Adding Loss Functions

Loss functions in Molfun return a dictionary of named scalar tensors, enabling callers to log individual loss terms without knowing the internals. The LOSS_REGISTRY provides name-based lookup so training strategies and heads can resolve losses at runtime.

The LossFunction interface

All losses inherit from LossFunction in molfun/losses/base.py:

class LossFunction(ABC, nn.Module):
    """
    Abstract base for all Molfun loss functions.

    Signature: loss_fn(preds, targets=None, batch=None) -> dict[str, Tensor]
    """

    @abstractmethod
    def forward(
        self,
        preds: torch.Tensor,
        targets: Optional[torch.Tensor] = None,
        batch: Optional[dict] = None,
    ) -> dict[str, torch.Tensor]:
        """Compute loss and return a dict of named scalar tensors."""

Key design points:

  • Returns a dict, not a single tensor.
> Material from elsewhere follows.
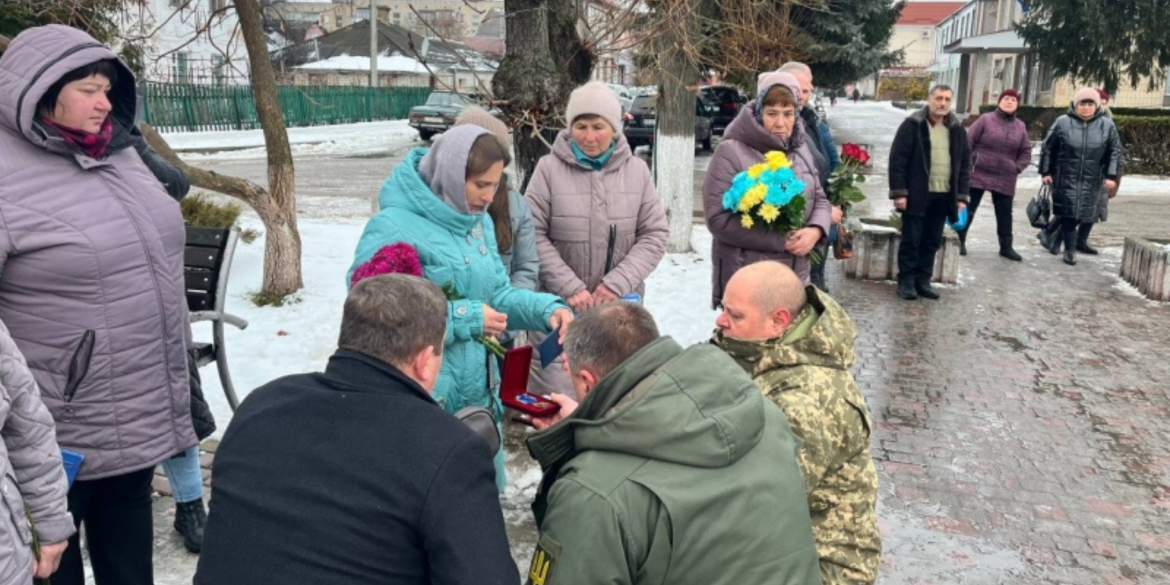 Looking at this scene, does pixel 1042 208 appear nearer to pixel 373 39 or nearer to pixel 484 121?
pixel 484 121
This allows composite losses to expose individual terms for logging.
  • targets is optional because some losses extract ground truth from the batch dict directly (e.g., structure losses that need atom coordinates from the feature dict).
  • batch is the raw feature dict from the DataLoader, forwarded for losses that need additional context.

The LossRegistry

The LossRegistry is separate from ModuleRegistry because loss functions have a simpler API:

LOSS_REGISTRY.register("name")   # decorator
LOSS_REGISTRY["name"]            # get class (raises KeyError if missing)
LOSS_REGISTRY["name"]()          # instantiate with defaults
"name" in LOSS_REGISTRY          # membership test
list(LOSS_REGISTRY)              # all registered names

Example: Contact Map Loss

A contact map loss penalizes predicted structures where residue pairs that should be in contact (based on ground-truth distance maps) are too far apart, and vice versa.

Step 1: Create the loss file

Create molfun/losses/contact.py:

"""
Contact map loss: penalizes incorrect inter-residue distance predictions.

Useful as an auxiliary loss alongside FAPE/coordinate losses, providing
a complementary signal about the global topology of the predicted structure.
"""

from __future__ import annotations
from typing import Optional

import torch
import torch.nn as nn
import torch.nn.functional as F

from molfun.losses.base import LossFunction, LOSS_REGISTRY


@LOSS_REGISTRY.register("contact")
class ContactMapLoss(LossFunction):
    """
    Binary cross-entropy loss on predicted vs. ground-truth contact maps.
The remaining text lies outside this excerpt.